Machine Learning is a method of data analysis and a branch of artificial intelligence based on the idea that systems can learn from data, identify patterns and make decisions with minimal human intervention. The most common applications they support contain categorization tasks (e.g., document triage), recognition tasks (e.g., image recognition), and prediction tasks. (e.g., engine failure likelihood).
Unsupervised Learning In unsupervised learning, training data does not include labels. The algorithm groups the data into categories or classes of data that are similar in certain ways, which is particularly useful to help understand characteristics of a data set. If a user had a collection of emails and no trained categorizer, an unsupervised approach could group the emails in a way that minimizes the differences between items within a category and maximizes the differences between categories.
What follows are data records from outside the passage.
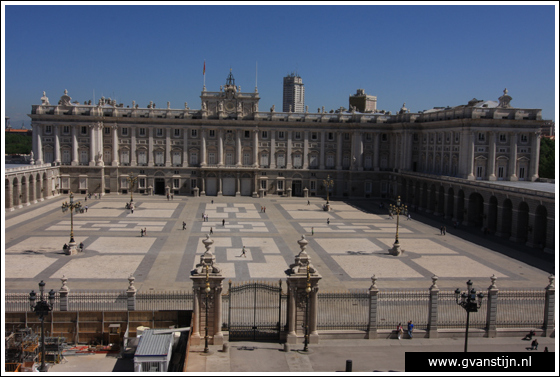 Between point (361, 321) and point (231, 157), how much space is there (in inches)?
2488

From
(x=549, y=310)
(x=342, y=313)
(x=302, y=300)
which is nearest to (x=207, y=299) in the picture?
(x=302, y=300)

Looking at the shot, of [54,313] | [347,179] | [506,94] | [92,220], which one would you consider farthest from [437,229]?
[54,313]

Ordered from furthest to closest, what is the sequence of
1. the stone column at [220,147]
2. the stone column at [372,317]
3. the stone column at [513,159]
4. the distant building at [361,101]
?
the distant building at [361,101] → the stone column at [220,147] → the stone column at [513,159] → the stone column at [372,317]

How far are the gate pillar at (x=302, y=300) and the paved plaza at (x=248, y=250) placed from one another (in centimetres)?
956

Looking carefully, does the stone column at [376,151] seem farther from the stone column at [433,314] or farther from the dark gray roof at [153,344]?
the dark gray roof at [153,344]

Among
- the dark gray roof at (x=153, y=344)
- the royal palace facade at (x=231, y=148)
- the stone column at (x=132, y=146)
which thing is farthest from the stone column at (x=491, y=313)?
the stone column at (x=132, y=146)

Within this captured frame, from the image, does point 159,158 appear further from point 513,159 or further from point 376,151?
point 513,159

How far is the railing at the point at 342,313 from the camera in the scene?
1040 inches

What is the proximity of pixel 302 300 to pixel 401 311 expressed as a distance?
669 centimetres

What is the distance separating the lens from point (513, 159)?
222ft

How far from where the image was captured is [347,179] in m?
89.2

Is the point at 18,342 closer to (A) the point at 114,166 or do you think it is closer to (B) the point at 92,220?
(B) the point at 92,220

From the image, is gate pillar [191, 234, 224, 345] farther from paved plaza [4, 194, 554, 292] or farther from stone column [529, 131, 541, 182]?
stone column [529, 131, 541, 182]

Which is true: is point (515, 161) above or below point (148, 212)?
above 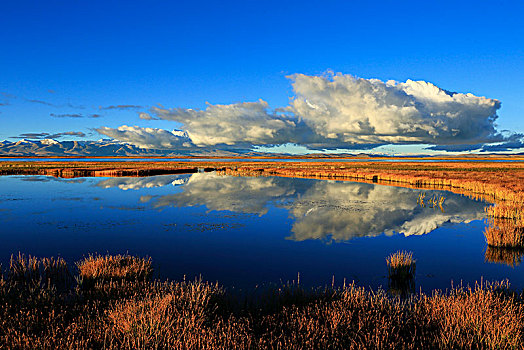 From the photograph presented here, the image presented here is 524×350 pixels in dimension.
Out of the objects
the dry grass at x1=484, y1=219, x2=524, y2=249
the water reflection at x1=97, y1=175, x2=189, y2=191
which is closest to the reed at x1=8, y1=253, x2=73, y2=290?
the dry grass at x1=484, y1=219, x2=524, y2=249

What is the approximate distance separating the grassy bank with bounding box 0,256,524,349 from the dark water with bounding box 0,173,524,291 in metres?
3.90

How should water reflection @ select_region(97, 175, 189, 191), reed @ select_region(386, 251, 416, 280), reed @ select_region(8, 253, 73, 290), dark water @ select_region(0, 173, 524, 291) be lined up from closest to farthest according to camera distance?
reed @ select_region(8, 253, 73, 290) < reed @ select_region(386, 251, 416, 280) < dark water @ select_region(0, 173, 524, 291) < water reflection @ select_region(97, 175, 189, 191)

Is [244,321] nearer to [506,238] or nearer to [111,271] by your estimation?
[111,271]

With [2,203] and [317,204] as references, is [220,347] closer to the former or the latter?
[317,204]

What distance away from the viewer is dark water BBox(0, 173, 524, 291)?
607 inches

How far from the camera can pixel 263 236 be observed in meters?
22.5

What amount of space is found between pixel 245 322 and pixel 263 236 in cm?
1344

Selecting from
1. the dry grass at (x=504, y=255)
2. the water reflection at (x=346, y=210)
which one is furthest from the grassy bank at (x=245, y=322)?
the water reflection at (x=346, y=210)

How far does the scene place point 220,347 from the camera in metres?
6.87

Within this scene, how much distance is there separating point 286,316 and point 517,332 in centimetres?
556

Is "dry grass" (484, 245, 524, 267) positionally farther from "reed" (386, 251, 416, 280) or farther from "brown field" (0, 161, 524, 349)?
"brown field" (0, 161, 524, 349)

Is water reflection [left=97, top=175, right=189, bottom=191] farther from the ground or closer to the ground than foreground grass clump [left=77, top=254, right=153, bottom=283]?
farther from the ground

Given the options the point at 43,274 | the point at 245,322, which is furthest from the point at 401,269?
the point at 43,274

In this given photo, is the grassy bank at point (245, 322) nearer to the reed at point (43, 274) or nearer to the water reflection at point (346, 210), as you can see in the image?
the reed at point (43, 274) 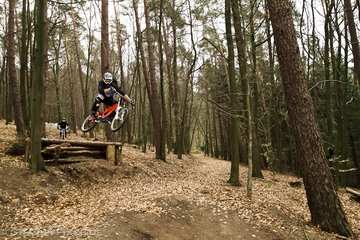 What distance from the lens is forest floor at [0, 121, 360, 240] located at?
293 inches

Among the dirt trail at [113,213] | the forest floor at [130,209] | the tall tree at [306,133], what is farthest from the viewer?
the tall tree at [306,133]

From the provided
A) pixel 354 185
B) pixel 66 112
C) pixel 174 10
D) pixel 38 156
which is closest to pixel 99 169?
pixel 38 156

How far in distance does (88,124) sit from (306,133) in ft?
23.7

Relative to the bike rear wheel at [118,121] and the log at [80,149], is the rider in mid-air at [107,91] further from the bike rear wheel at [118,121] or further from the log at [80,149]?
the log at [80,149]

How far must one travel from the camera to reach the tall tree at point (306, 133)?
838 centimetres

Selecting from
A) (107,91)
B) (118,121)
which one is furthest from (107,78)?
A: (118,121)

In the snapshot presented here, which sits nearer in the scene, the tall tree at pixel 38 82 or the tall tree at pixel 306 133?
the tall tree at pixel 306 133

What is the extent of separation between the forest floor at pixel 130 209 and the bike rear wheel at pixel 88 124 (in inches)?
58.5

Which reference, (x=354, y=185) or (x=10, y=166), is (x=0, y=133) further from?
(x=354, y=185)

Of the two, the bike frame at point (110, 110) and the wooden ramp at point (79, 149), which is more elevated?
the bike frame at point (110, 110)

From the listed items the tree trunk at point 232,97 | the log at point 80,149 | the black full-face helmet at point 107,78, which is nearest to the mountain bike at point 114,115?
the black full-face helmet at point 107,78

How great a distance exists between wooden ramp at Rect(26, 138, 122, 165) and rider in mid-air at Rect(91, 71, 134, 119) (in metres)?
2.01

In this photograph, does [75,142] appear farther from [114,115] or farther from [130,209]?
[130,209]

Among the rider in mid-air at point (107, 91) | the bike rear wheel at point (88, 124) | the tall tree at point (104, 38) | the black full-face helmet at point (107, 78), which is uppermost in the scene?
the tall tree at point (104, 38)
In supervised learning, training data includes the desired output, often a category designation, and the supervision comes from comparing the algorithm output with the correct answer. When observed output does not match the desired output, the values from the error condition feed a process that adjusts the values in the algorithm to arrive at the desired output. To continue the email example, the training set would consist of a collection of emails divided into spam and not-spam. The algorithm uses these designators to arrive at the right learned values to give the correct answer.
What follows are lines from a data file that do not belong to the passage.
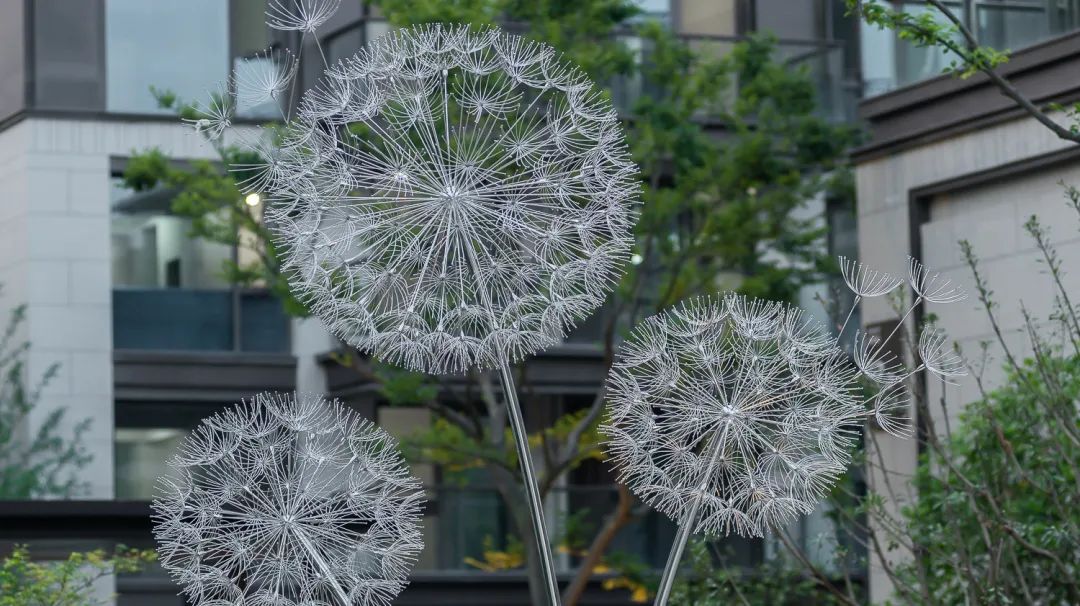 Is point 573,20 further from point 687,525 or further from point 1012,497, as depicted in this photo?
point 687,525

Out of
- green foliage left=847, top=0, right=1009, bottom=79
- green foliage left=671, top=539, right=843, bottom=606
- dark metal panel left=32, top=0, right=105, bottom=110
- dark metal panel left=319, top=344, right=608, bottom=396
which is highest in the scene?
dark metal panel left=32, top=0, right=105, bottom=110

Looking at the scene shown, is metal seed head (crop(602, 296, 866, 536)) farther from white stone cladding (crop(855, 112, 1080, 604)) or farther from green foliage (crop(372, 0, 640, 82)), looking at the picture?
green foliage (crop(372, 0, 640, 82))

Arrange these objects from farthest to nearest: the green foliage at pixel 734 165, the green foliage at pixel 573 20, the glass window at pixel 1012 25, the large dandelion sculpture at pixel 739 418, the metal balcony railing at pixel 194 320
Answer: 1. the metal balcony railing at pixel 194 320
2. the green foliage at pixel 734 165
3. the green foliage at pixel 573 20
4. the glass window at pixel 1012 25
5. the large dandelion sculpture at pixel 739 418

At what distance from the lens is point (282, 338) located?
23.1m

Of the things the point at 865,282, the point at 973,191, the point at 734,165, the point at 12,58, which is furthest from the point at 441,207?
the point at 12,58

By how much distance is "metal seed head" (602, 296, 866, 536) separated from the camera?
20.0 ft

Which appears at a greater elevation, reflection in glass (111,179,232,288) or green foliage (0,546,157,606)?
reflection in glass (111,179,232,288)

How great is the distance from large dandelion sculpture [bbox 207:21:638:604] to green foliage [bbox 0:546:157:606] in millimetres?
6972

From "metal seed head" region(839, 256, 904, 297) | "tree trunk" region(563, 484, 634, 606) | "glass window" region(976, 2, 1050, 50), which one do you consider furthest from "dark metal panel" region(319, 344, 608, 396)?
"metal seed head" region(839, 256, 904, 297)

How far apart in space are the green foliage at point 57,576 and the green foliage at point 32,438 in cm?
609

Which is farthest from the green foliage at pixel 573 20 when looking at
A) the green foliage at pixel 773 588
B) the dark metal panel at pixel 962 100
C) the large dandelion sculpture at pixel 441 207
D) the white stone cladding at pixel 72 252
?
the large dandelion sculpture at pixel 441 207

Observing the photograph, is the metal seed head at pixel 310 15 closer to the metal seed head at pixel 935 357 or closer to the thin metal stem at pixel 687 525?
the thin metal stem at pixel 687 525

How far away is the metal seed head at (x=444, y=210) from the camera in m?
6.49

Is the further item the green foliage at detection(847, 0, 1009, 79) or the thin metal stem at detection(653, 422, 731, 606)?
the green foliage at detection(847, 0, 1009, 79) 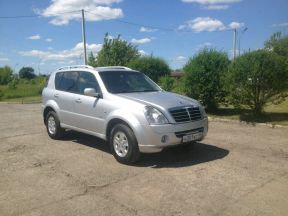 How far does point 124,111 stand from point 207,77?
653 centimetres

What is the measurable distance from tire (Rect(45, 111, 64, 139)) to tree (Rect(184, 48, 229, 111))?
5.57m

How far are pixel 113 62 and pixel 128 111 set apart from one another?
56.7ft

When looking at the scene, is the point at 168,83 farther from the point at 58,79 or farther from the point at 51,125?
the point at 51,125

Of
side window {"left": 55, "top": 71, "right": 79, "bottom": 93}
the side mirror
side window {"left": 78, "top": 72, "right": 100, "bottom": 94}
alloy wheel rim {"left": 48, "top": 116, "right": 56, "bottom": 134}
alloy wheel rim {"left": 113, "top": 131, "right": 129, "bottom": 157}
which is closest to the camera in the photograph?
alloy wheel rim {"left": 113, "top": 131, "right": 129, "bottom": 157}

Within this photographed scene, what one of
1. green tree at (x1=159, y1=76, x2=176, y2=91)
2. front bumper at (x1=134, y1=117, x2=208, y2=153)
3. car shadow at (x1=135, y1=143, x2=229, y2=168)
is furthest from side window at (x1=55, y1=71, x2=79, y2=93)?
green tree at (x1=159, y1=76, x2=176, y2=91)

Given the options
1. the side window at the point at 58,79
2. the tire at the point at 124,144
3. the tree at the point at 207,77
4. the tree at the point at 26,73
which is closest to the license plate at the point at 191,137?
the tire at the point at 124,144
Reinforcement learning differs from standard supervised learning in that while it has no correct or incorrect answers, it does have a method to calculate the reward for an answer. An example of reinforcement learning is game playing applications. For any move, there is no correct answer; however, the choice of a move will lead to winning or losing the game. The moves that led to the outcome contribute positively or negatively to the reward values for the candidate moves, which the system uses in the next game to improve the outcome.